>>43349055When recruiting an army, you generally didn't get any real choice there. If you're English you have a good chance of having longbowmen available for hire. Down on the continent the missile troops available will mostly be town militia-trained crossbowmen, and later on a mix of those and likewise town militia based gunners.
Someone looking to ensure a supply of a specific troop type may need to go quite far for it, like Emperor Maximilian largely creating the landsknecht system so he could get some good pikemen on the field (and then marching around with a pike himself a bit so a few noblemen could be convinced to serve as infantry officers instead of heavy cavalry). Likewise we have the English laws pushing longbow training, and many towns welcoming fencing and shooting guild,s and making a big deal of various competitions to encourage training amongst the citizens.
Going back to the specific longbow or crossbow issue, those town militias mentioned above would generally be heavily focused on defensive siege action, and as such rate of fire was of little importance to them. They had walls to hide behind while reloading, until they ran out of ammo. And even out in the open there's certainly limits to how far a rate of fire will carry you, there's only so many arrows you can lug around, and they don't come free either.

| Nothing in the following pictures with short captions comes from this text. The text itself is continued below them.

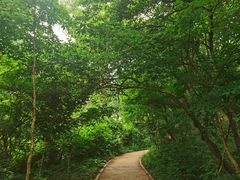 -萨尔浒风景区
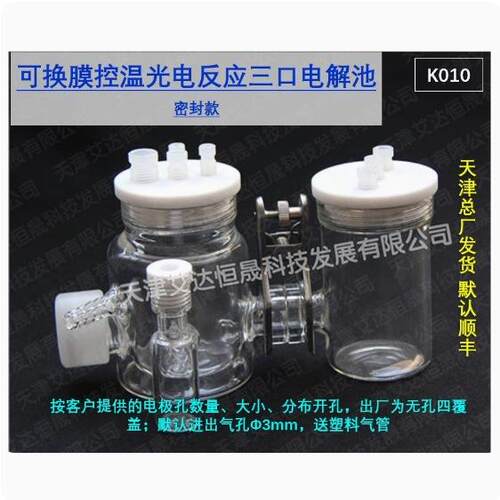 天津艾达恒晟H型可换膜控温光电池K010三口密封原厂发货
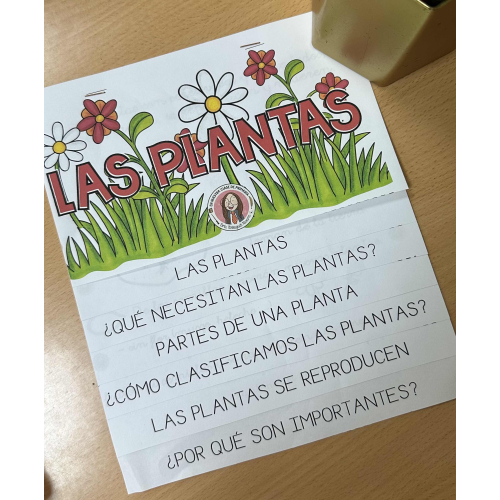 Las plantas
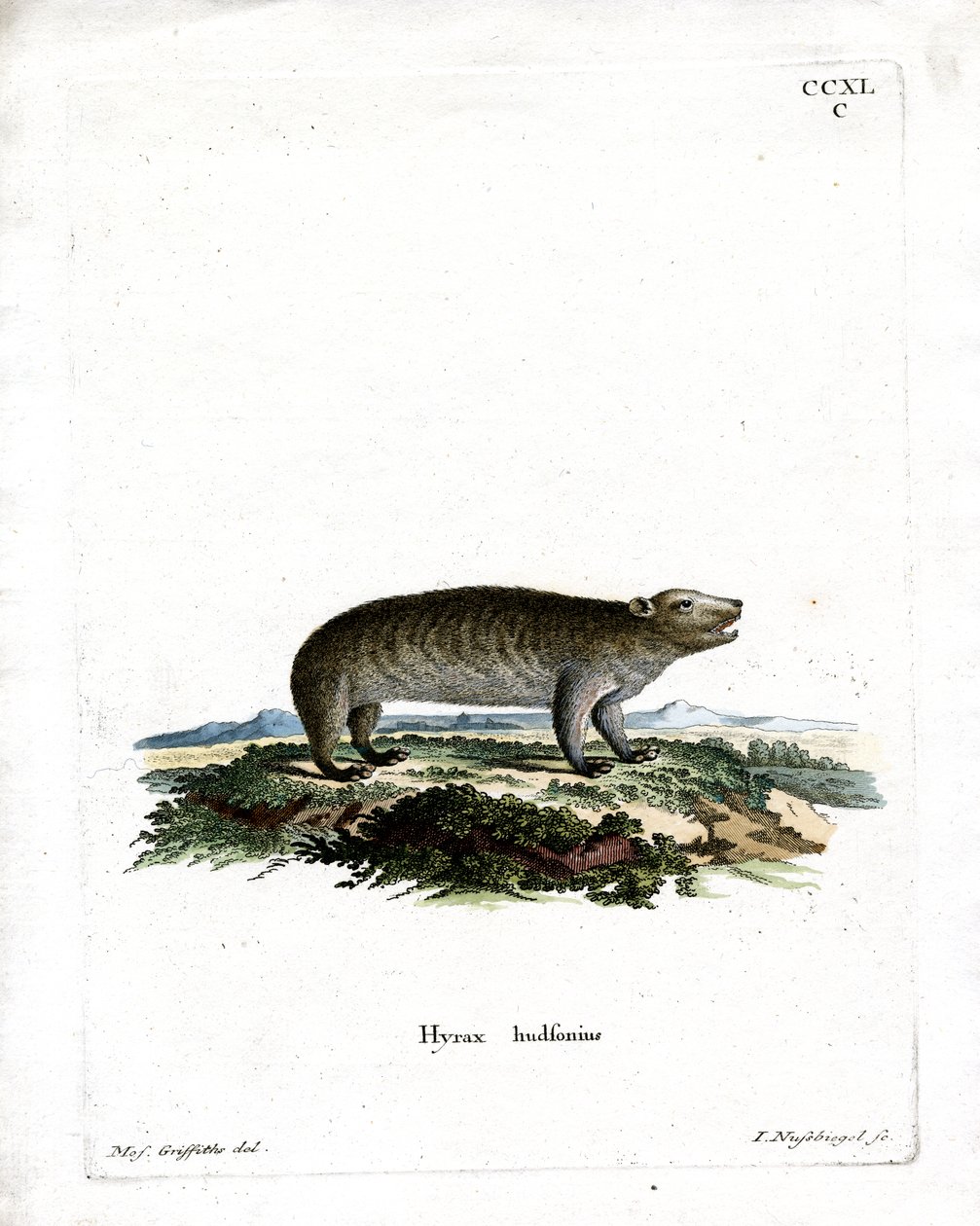American Hyrax (farvet gravering) af German School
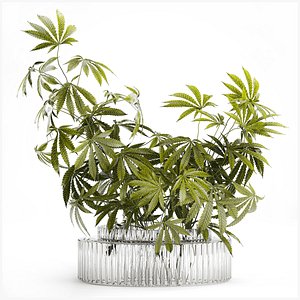 Modern Flower Bouquet Green Branches Cannabis Bush 609 3D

Maybe half a million arrows where launched at Crecy, substantially weighting down the baggage train (a longbow arrow might be 50g, half a million of those makes for 25 metric tons) and lightening the wallet.
See Hall, "Weapons and Warfare in Renaissance Europe".
>>43348843The suggestion that the knights would be too afraid to go for the crossbows... There would have been a lot less dead knights in the Hussite wars if such phobia had shaped their approach.